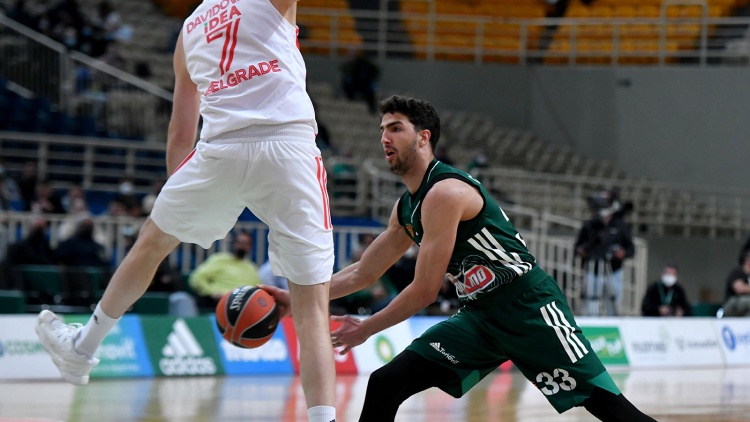 &Eta; &beta;&alpha;&theta;&mu;&omicron;&lambda;&omicron;&gamma;ί&alpha; &tau;&eta;&sigmaf; Euroleague (pic)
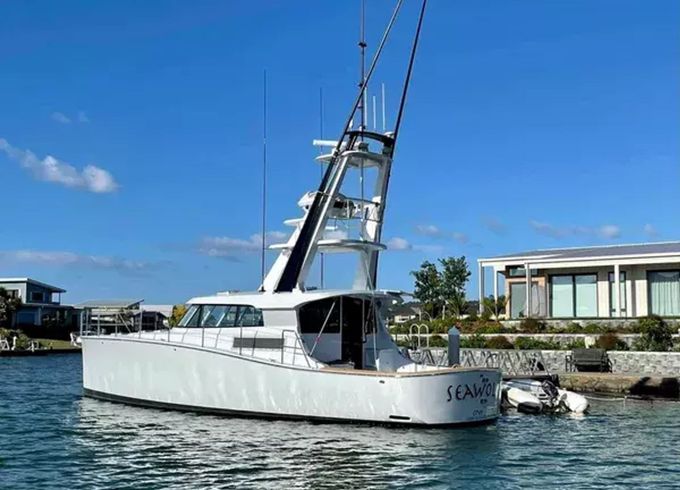 SeaWolf 49 SeaWolf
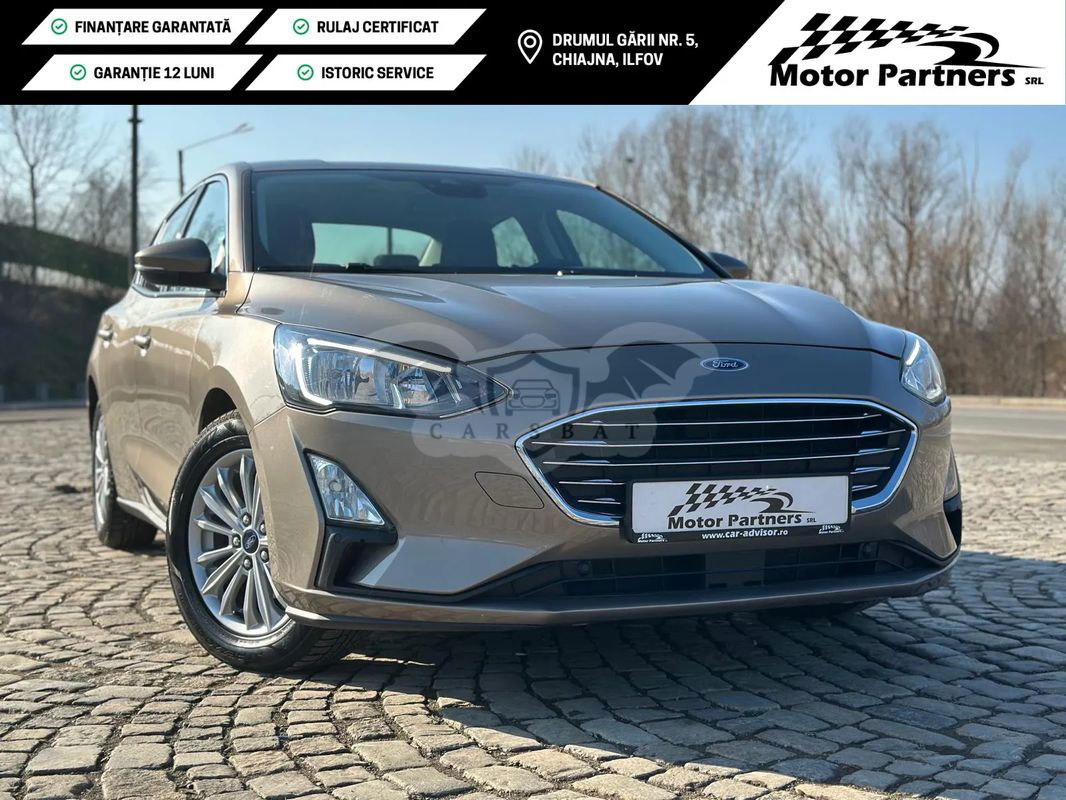 Ford Focus IV [2018 - Prezent] 1.5 Ecoboost ST-Line 2019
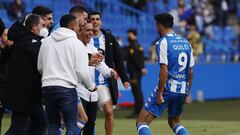 Partido Deportivo de La Coru&ntilde;a -  Calahorra.gol quiles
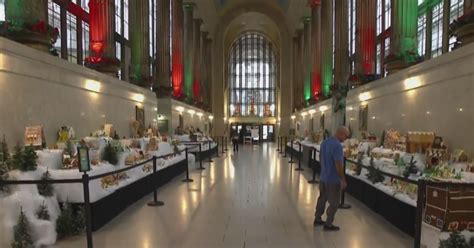 21st annual City of Pittsburgh Gingerbread House Competition accepting ...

------------

Task requirements: An exact copy is needed of the lines from the start of the listing through the line with "Partido Deportivo de", both end lines included and pictures excluded.

Response:
 &Eta; &beta;&alpha;&theta;&mu;&omicron;&lambda;&omicron;&gamma;ί&alpha; &tau;&eta;&sigmaf; Euroleague (pic)
 SeaWolf 49 SeaWolf
 Ford Focus IV [2018 - Prezent] 1.5 Ecoboost ST-Line 2019
 Partido Deportivo de La Coru&ntilde;a -  Calahorra.gol quiles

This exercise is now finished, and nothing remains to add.